Next Generation Sequencing (NGS) is an interesting technology for PGx
A nice overview of the Requirements for comprehensive pharmacogenetic genotyping platforms was published by Volker Lauschke et al. They claim that rare variants account for 30-40% of functional variability in PGx. However they argue that pre-emptive PGx should only include validated variants, and rare variants should be investigated only when the patient experience unexpected drug response.
- Bad coverage of pharmacogenes. Notably, the lack of intronic variants in WES.

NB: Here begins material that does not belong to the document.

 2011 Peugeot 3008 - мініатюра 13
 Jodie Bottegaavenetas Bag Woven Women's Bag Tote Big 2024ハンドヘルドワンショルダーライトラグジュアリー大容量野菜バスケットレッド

- Haplotype calling is challenging due to short reads. NGS requires in silico haplotype estimation. Since GATK 3.3, the Haplotype Caller assemble contigs of 300 base pairs, but it does not consider the phasing of the reads. Haplotype phasing can be obtained by Trio analysis, or estimated by imputation methods Beagle or Eagle2 or SHAPEIT. Other possible options at Oslo University Hospital are long read technology from PacBio or synthetic long reads from 10x Genomics
- Difficult variant calling in homologous regions, such as CYP2D6. I.e. regions with copy number variations (CNV) or pseudogenes. The CYP2D6 genotyping tool that was used by PharmCAT is Astrolabe. We intend to use the more recent program Aldy.

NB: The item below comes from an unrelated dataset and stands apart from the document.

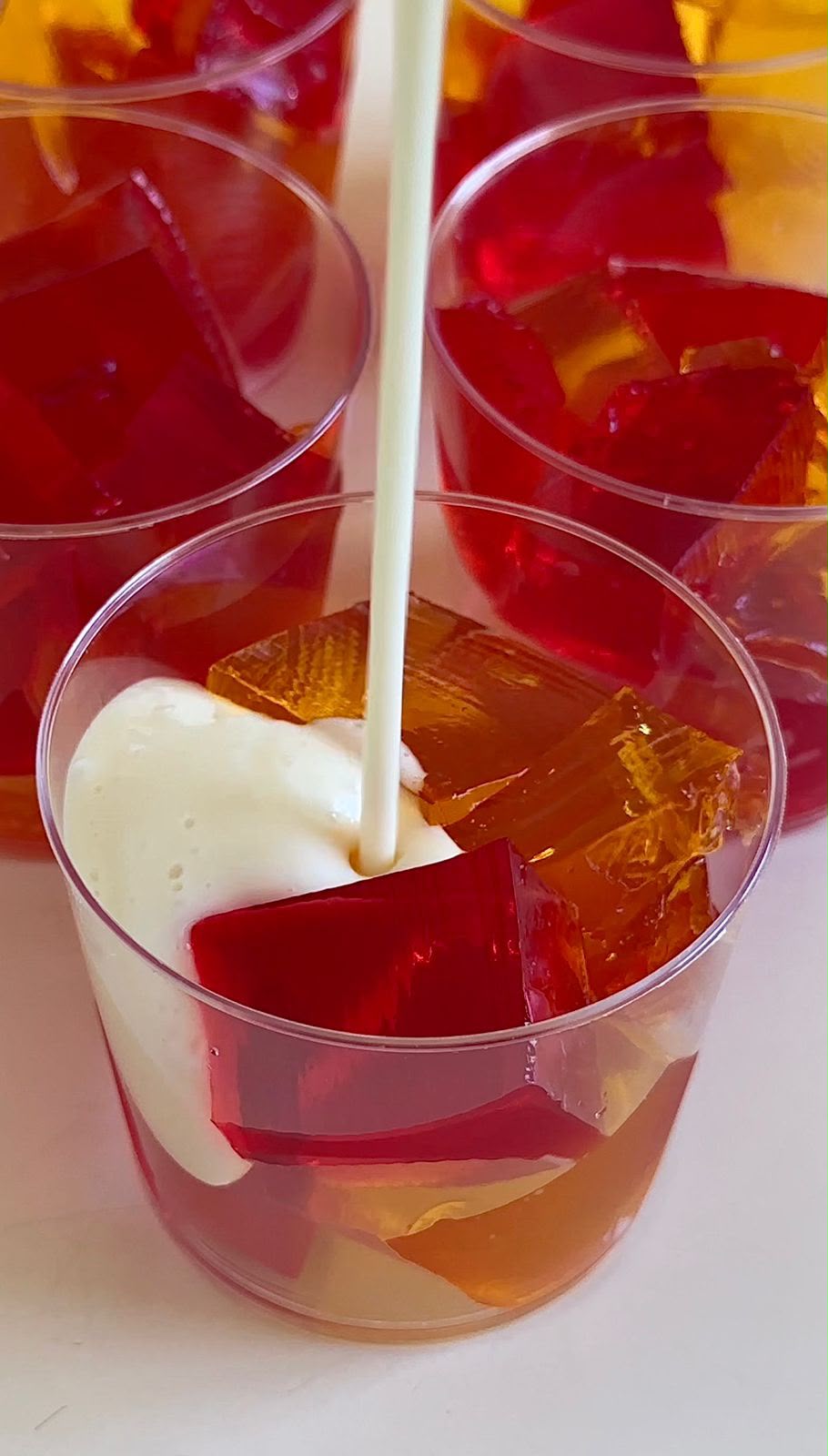 Receita de Gelatina Colorida Cremosa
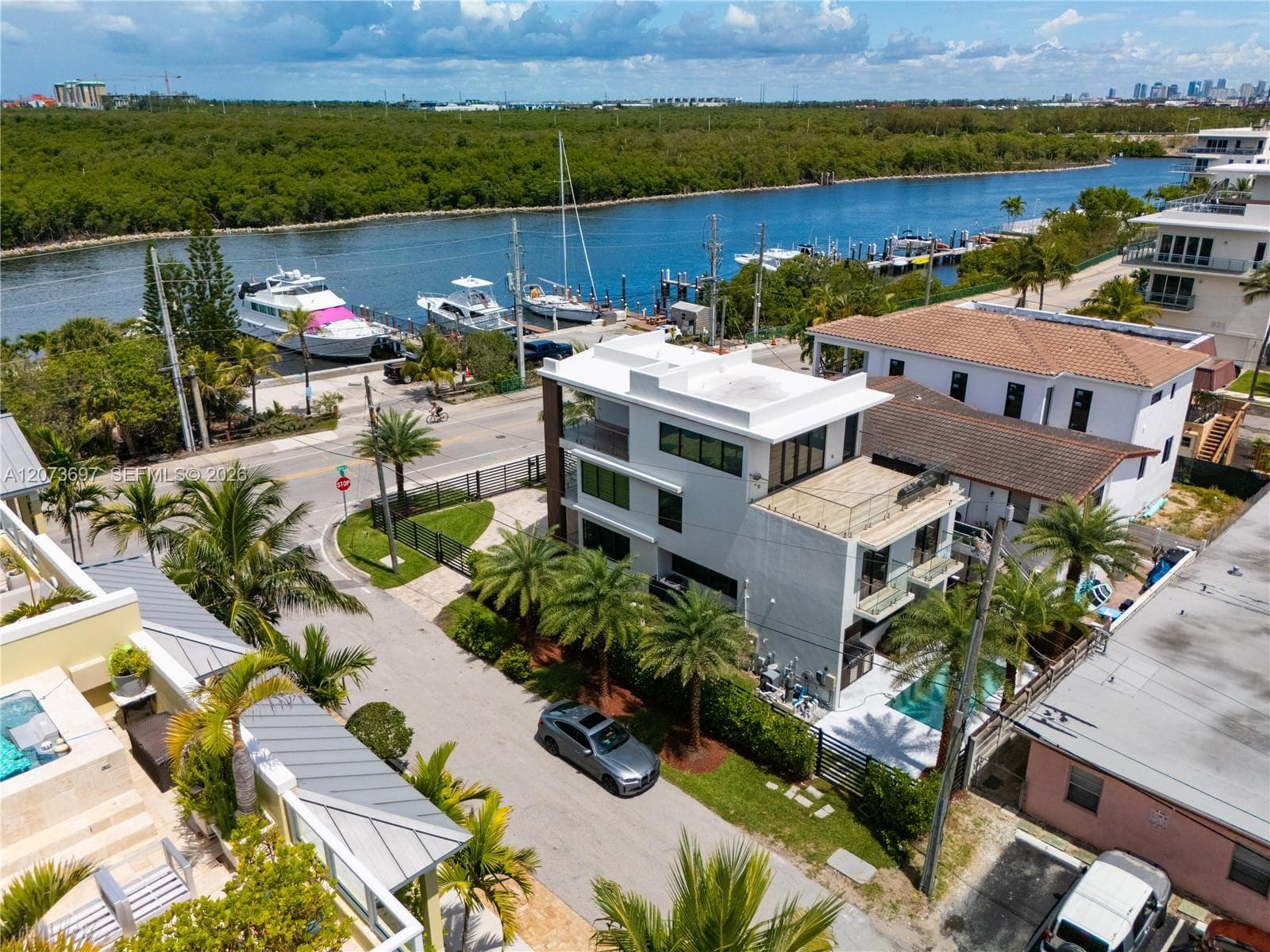 5601 N Ocean Dr photo 71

- HLA-typing require special software. There are many options. Yang et al. proposed to use Polysolver for whole exome sequencing (WES) or OptiType for whole genome sequencing (WGS). Reisberg et al. proposed SNP2HLA for WGS. The candidate that we are investigating closer is xHLA.
- New variants are discovered, and needs to be functionally assessed.
A solution for genotyping biobank data has been investigated by Reisberg et al. in their article Translating genotype data of 44,000 biobank participants into clinical pharmacogenetic recommendations: challenges and solutions.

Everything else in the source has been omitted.